What I really fail to understand is that someone in government hasn't asked whether it would make more sense for her to stay at home and care for her own children. At a push perhaps there could be some increase in child benefit - would this work out cheaper than supplementing people's childcare costs?
Perhaps I'm just very naive?
(ps. I've moved my blog: http://hearthandhomeeducation.co.uk)
I find it astounding that a mother of 5 would think she needed a childcare qualification.
Arghhh!
ruth, of course it's so that she can get Paid Employment because, of course, no-one can get jobs without Qualifications... the fact that she very clearly was employed, though unpaid, due to having 5 children, just bypasses people's brains. 'Hidebound' springs to mind.
jumps out at me that my verification doofer starts with 'PMT'
Must update my blogroll! Got lots out out-of-date ones on there and needing to add new ones too..
Yeah the thing that made me wonder was that they've so totally lost it at No.10 that they didn't even see the irony in a mother-of-5 needing a childcare qualification. (Or have they...? ^^)

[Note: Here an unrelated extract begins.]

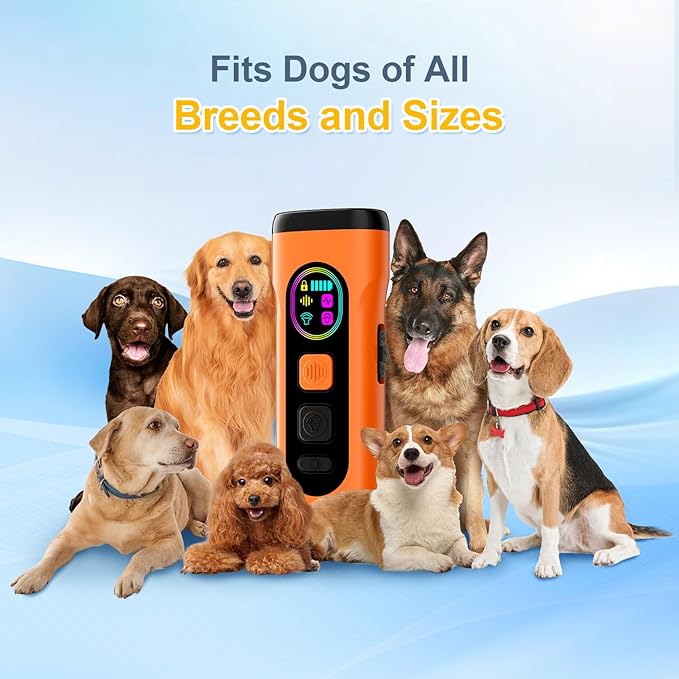 Dog Bark Deterrent Devices Anti Barking Device for Dogs Ultrasonic Bark Stopper Portable Dog Training Tool Indoor Outdoor Up to 50ft Correct Bad Behavior of Own or Neighbor's Dog (Orange)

My logic went like this: she needs a childcare qualification to teach her how to take care of nursery children, which means she was presumably deemed incapable without it of taking care of any children, which would of course have to include her own - so were they removed for their own safety into the hands of a *qualified* person, or what?

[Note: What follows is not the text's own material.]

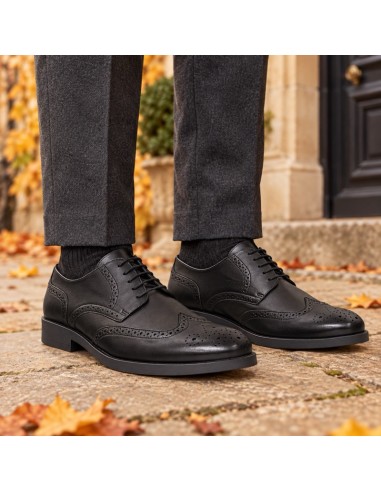 Black leather derby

Gah, I don't like where this is going at all.
um, can I be a sole voice for the possible pertinence of *some* enquiry into ppl's childcare skills before they start looking after other ppls? Not that it's necessary to actually go and study in all cases, but surely a small amount of investigation would be reasonable?
For example, some time this week in the news I read about a couple of women getting their toddlers to fight. Don't know how many children they have, but according to some of the logic expressed here, because they have children you would assume they were fit to look after other ppls?
I just keep thinking that there has to be a middle way.
I agree Jax, the fact a person has their own children wouldn't automatically convince me that I trusted them to care for mine, but then nor would the fact that they had a govt-sponsored childcare qualification. I'd want to spend some time getting to know the person, and even spend some time with the person and my child to see how they got along. I'd go further actually and say that I'd want to actually *know* the person before I gave them my child to look after, but I'm aware this is becoming increasingly difficult with the breakdown of longstanding communities.
But this is a deliberate development to make us more dependant on government. Remember the Rowntree studies on social bonds needing to be weakened in order to strengthen social bridges? We're seeing that policy being rolled out now, with the hard push towards govt-sponsored childcare programmes - hence the PM 'dropping into tea' and plugging it on the No10 website.
AND I see the logical next step of this kind of thinking. The term 'parenting' is already being widely substituted for the term 'childcare', rendering the bloodlink between child and parent ('carer') to be increasingly less important.
There are already calls for compulsory parenting classes, and I wouldn't be at all surprised if this isn't a creep towards some kind of parenting qualification, without which people won't be allowed to keep their own children - at least not without close supervision.
Sounds mad now but just wait a few years: a few more increments and people will be discussing it seriously.
State -v- family: it's the next incursion. You can't have strong states and strong families, which is why govts continually seek to weaken the family unit with the aim of eradicating it completely.
Sorry to be a prophet of doom, but it's the way I see it, and the only hope we have of preventing it is to be aware that it's happening instead of sleepwalking our rights away, as we've done with so many other things - education laws, adoption laws etc.